Retype, without changes or pictures, only the lines that begin at the one containing "GMC Sierra 1500 SLT Crew Cab Short Box 4WD 2018 GMC" and end at the last line of the records that follow.
────────
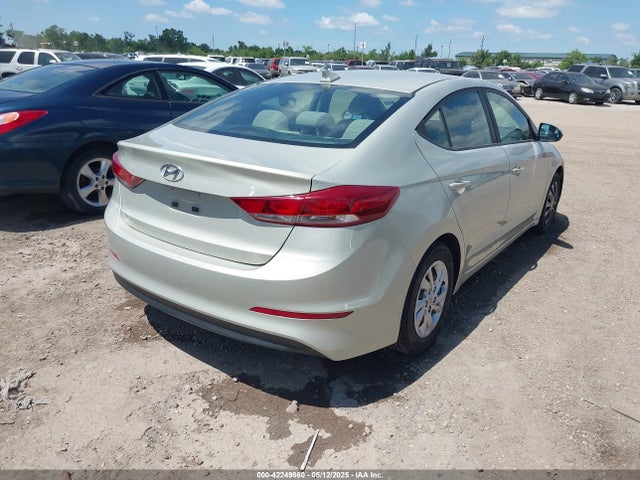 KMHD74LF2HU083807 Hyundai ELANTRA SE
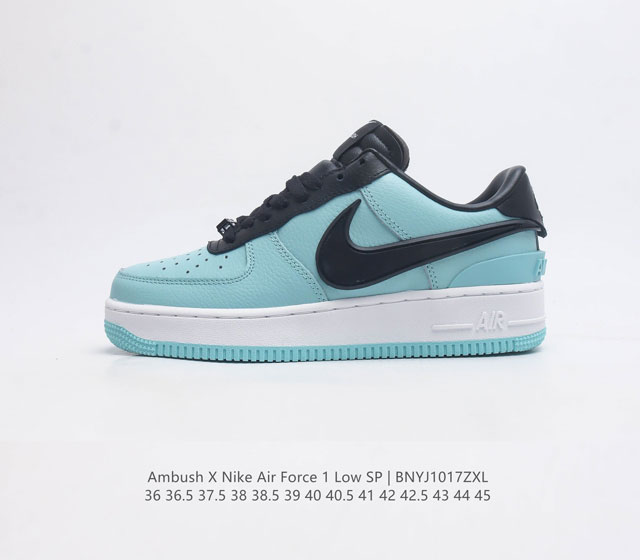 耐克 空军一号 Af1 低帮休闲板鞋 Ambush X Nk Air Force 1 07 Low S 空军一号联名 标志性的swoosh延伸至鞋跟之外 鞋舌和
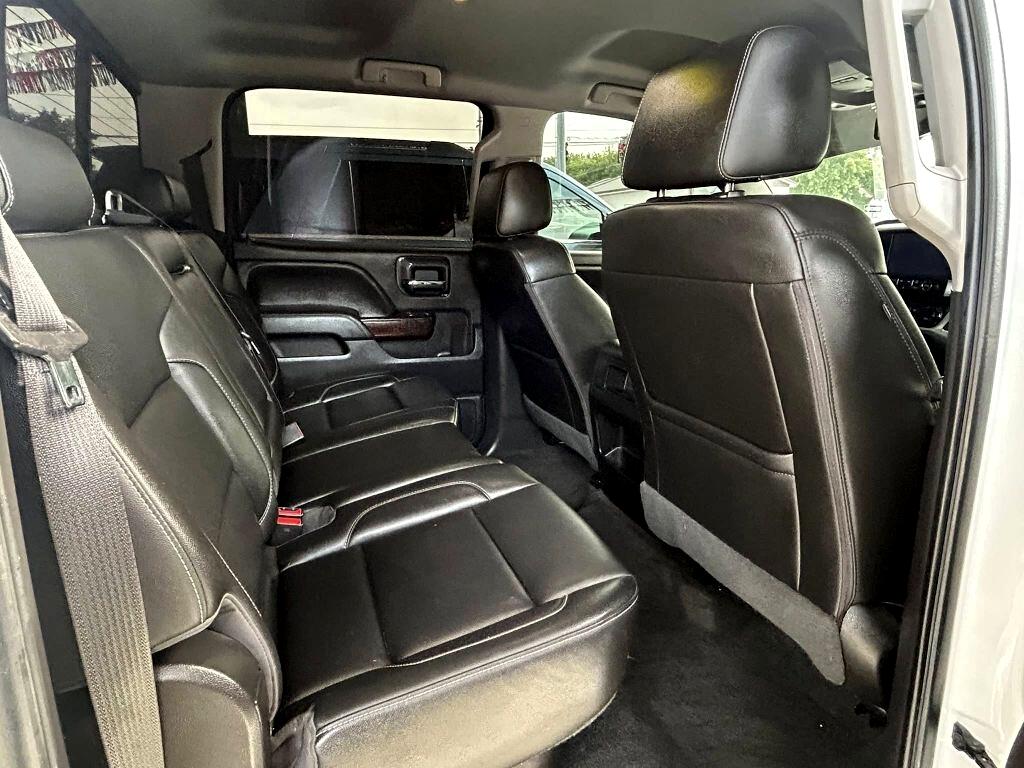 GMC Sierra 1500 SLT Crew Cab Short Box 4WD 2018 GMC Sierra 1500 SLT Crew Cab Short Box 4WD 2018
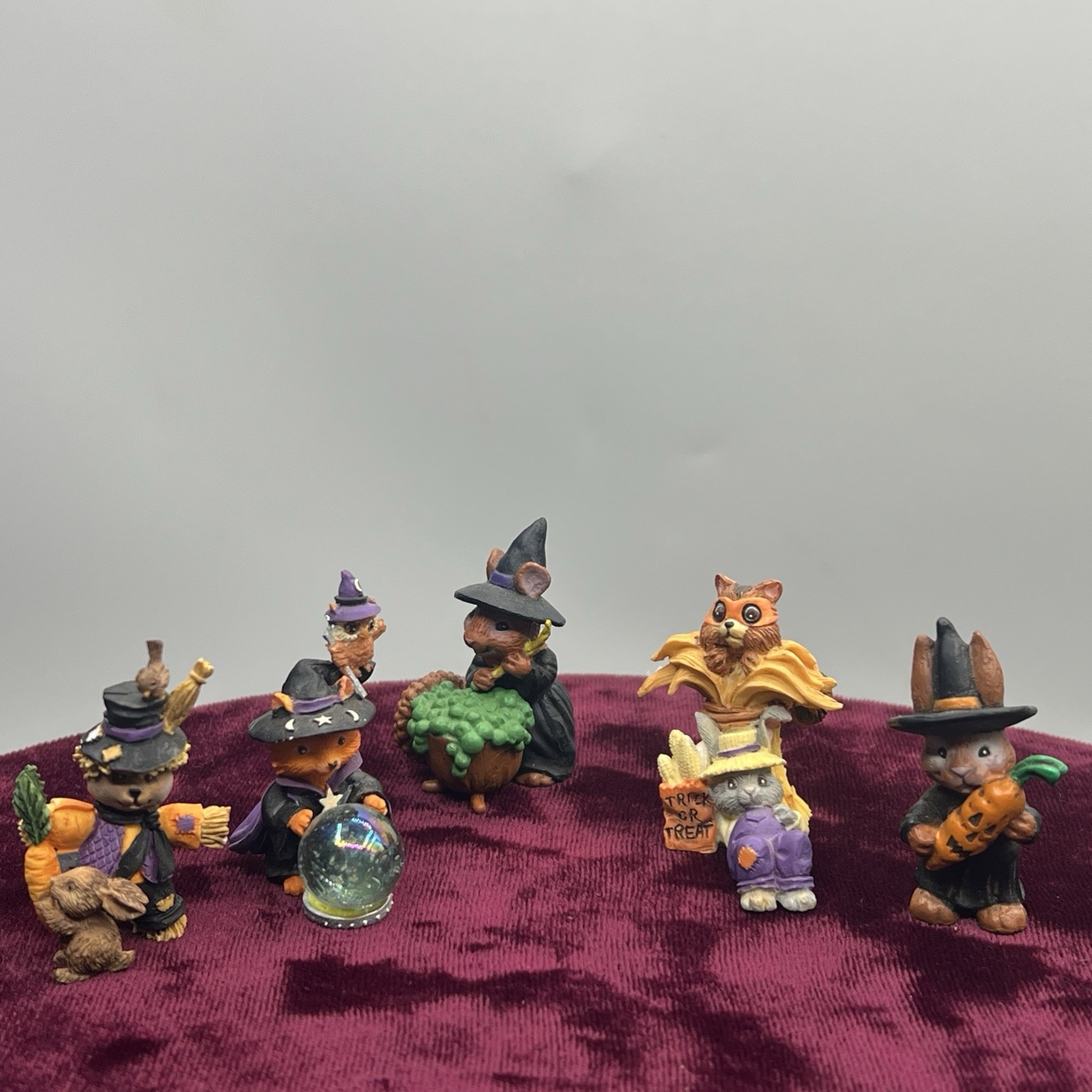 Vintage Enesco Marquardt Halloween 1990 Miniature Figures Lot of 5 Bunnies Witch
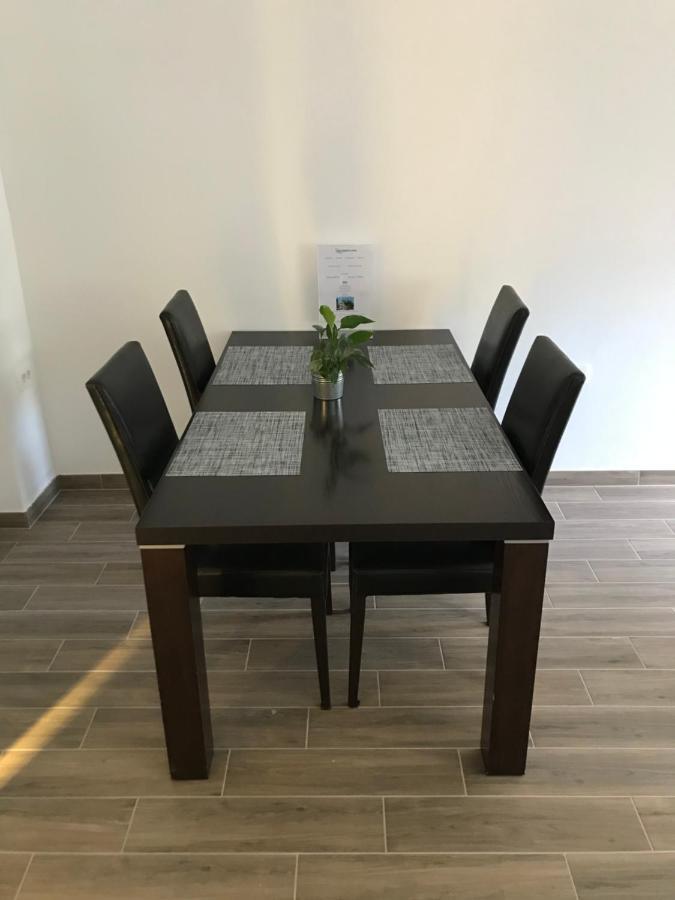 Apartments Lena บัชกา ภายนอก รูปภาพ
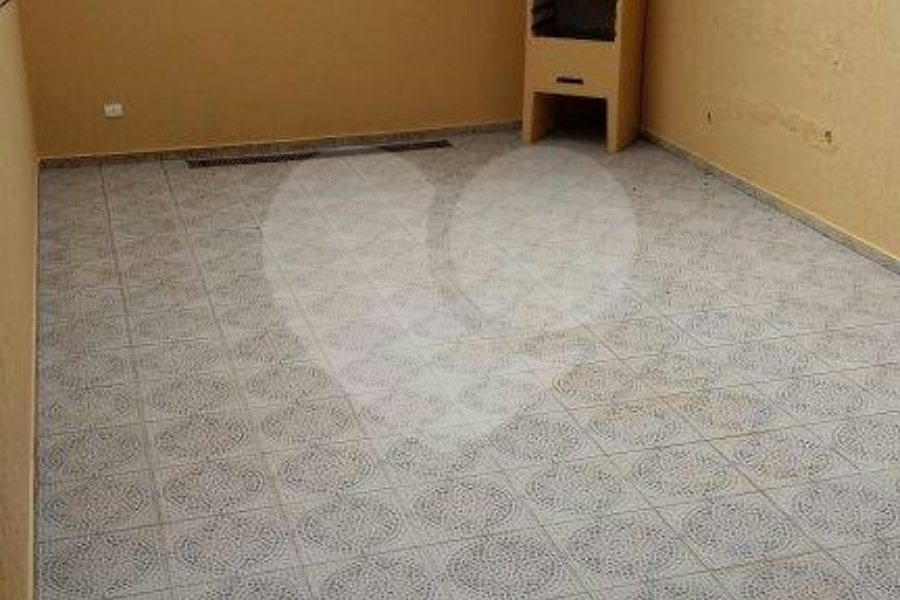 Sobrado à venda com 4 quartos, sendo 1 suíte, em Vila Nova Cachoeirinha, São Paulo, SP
────────
● OUTPUT BELOW
 GMC Sierra 1500 SLT Crew Cab Short Box 4WD 2018 GMC Sierra 1500 SLT Crew Cab Short Box 4WD 2018
 Vintage Enesco Marquardt Halloween 1990 Miniature Figures Lot of 5 Bunnies Witch
 Apartments Lena บัชกา ภายนอก รูปภาพ
 Sobrado à venda com 4 quartos, sendo 1 suíte, em Vila Nova Cachoeirinha, São Paulo, SP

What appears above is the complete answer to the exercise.